▶ EXERCISE PROMPT
Write out only the lines from the line that holds "Mc2 Saint Barth" to the end of the listing below, inclusive, with the pictures omitted.

═════ RECORDED DATA ═════

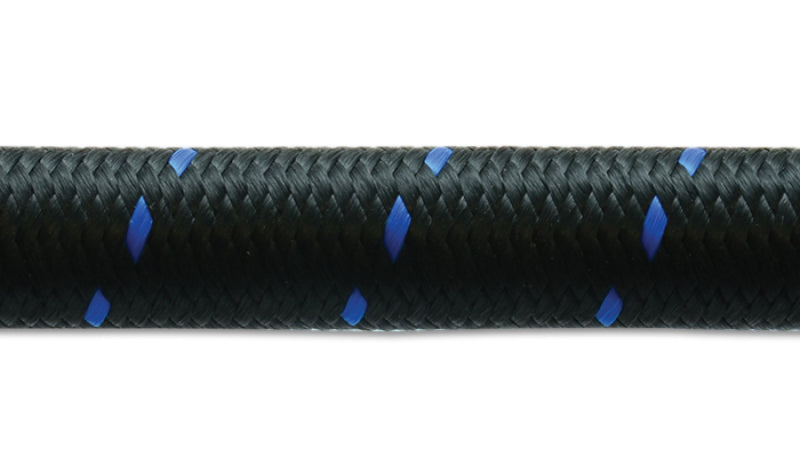 Vibrant -12 AN Two-Tone Black/Blue Nylon Braided Flex Hose (10 foot roll)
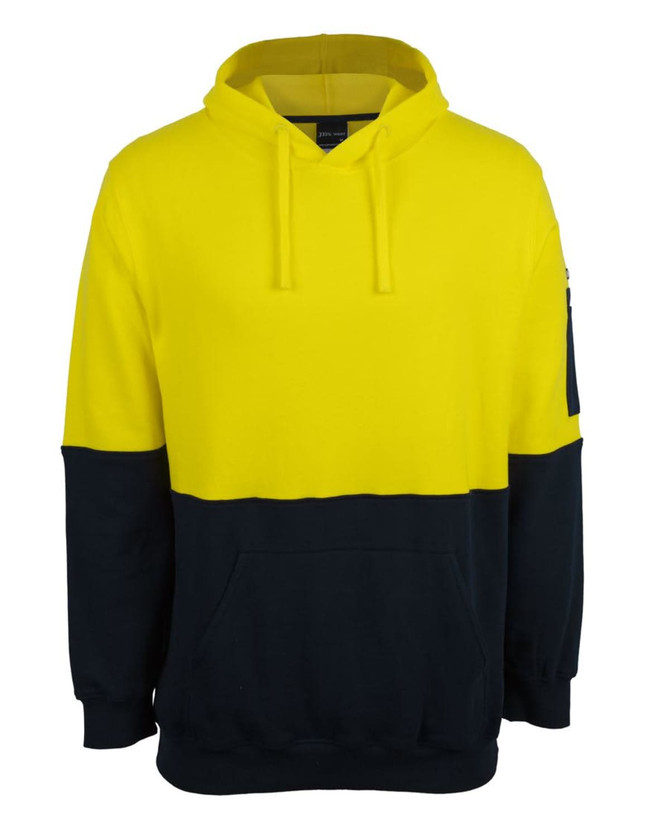 A two-tone hoodie featuring a bright yellow upper and dark navy lower, with a front pocket and a logo.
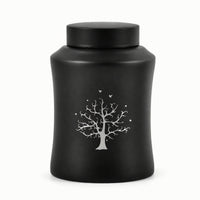 Urn with Tree of Life Pattern Long-Lasting Memorial Urn Vessel Cylindrical Decorative for Remembrance Altar, Home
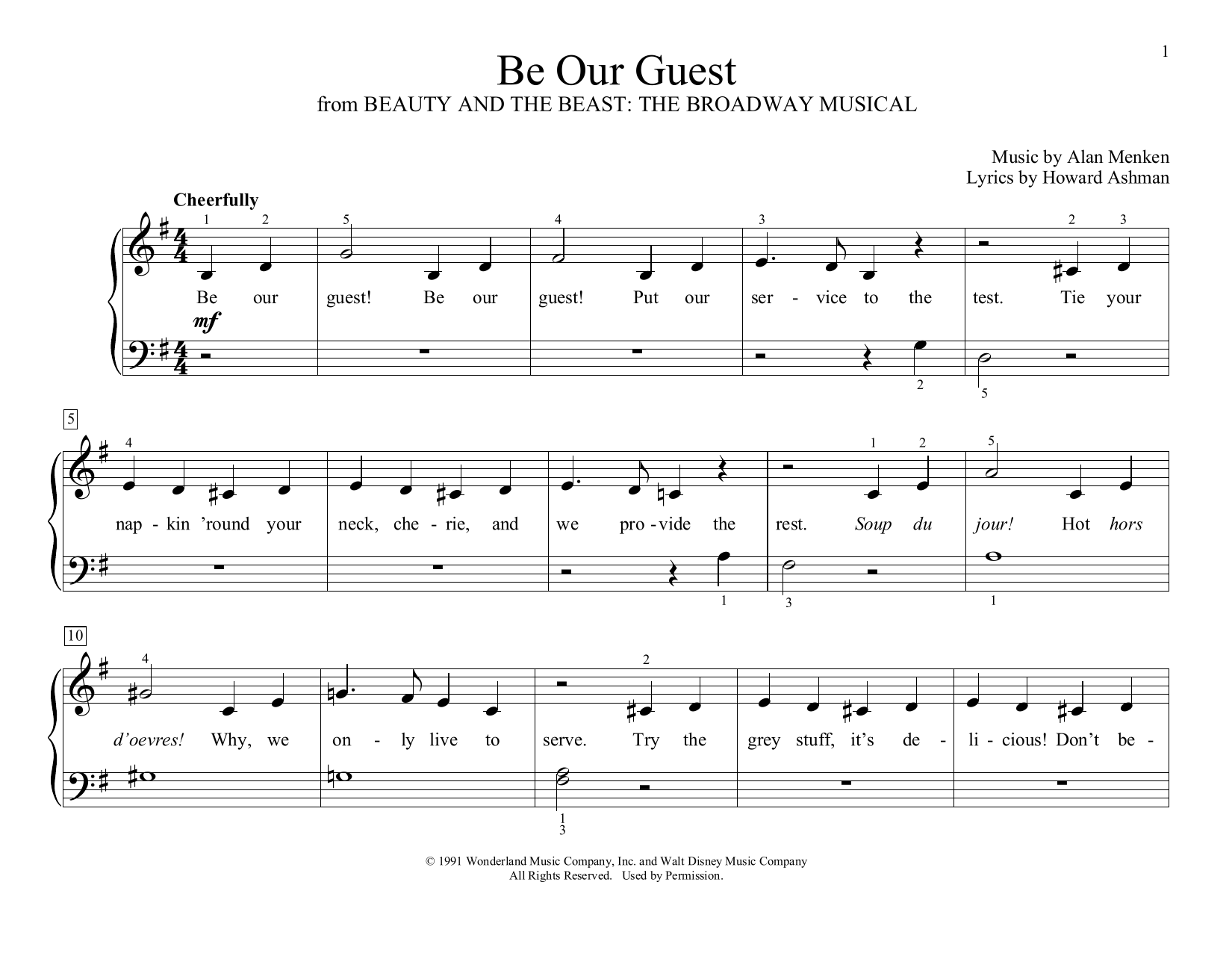 Learn to play Alan Menken Be Our Guest (from Beauty and The Beast) (arr. Christopher Hussey) sheet music for Educational Piano in minutes. Alan Menken Be Our Guest (from Beauty and The Beast) (arr. Christopher Hussey) sheet music preview music notes and score for Educational Piano including 2 page(s)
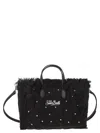 Mc2 Saint Barth Colette Fringed Embellished Tote Bag In Black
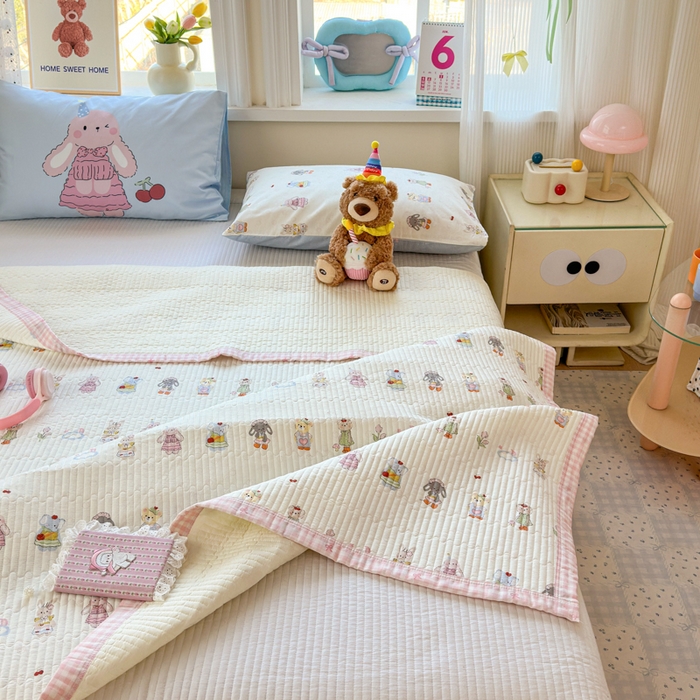91家纺网 家纺一手货源 找家纺 Sweet dreams甜梦 2026新款小清新卡通全棉纯棉印花床盖四件套 小动物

═════

▶ ANSWER TO THIS PROBLEM
 Mc2 Saint Barth Colette Fringed Embellished Tote Bag In Black
91家纺网 家纺一手货源 找家纺 Sweet dreams甜梦 2026新款小清新卡通全棉纯棉印花床盖四件套 小动物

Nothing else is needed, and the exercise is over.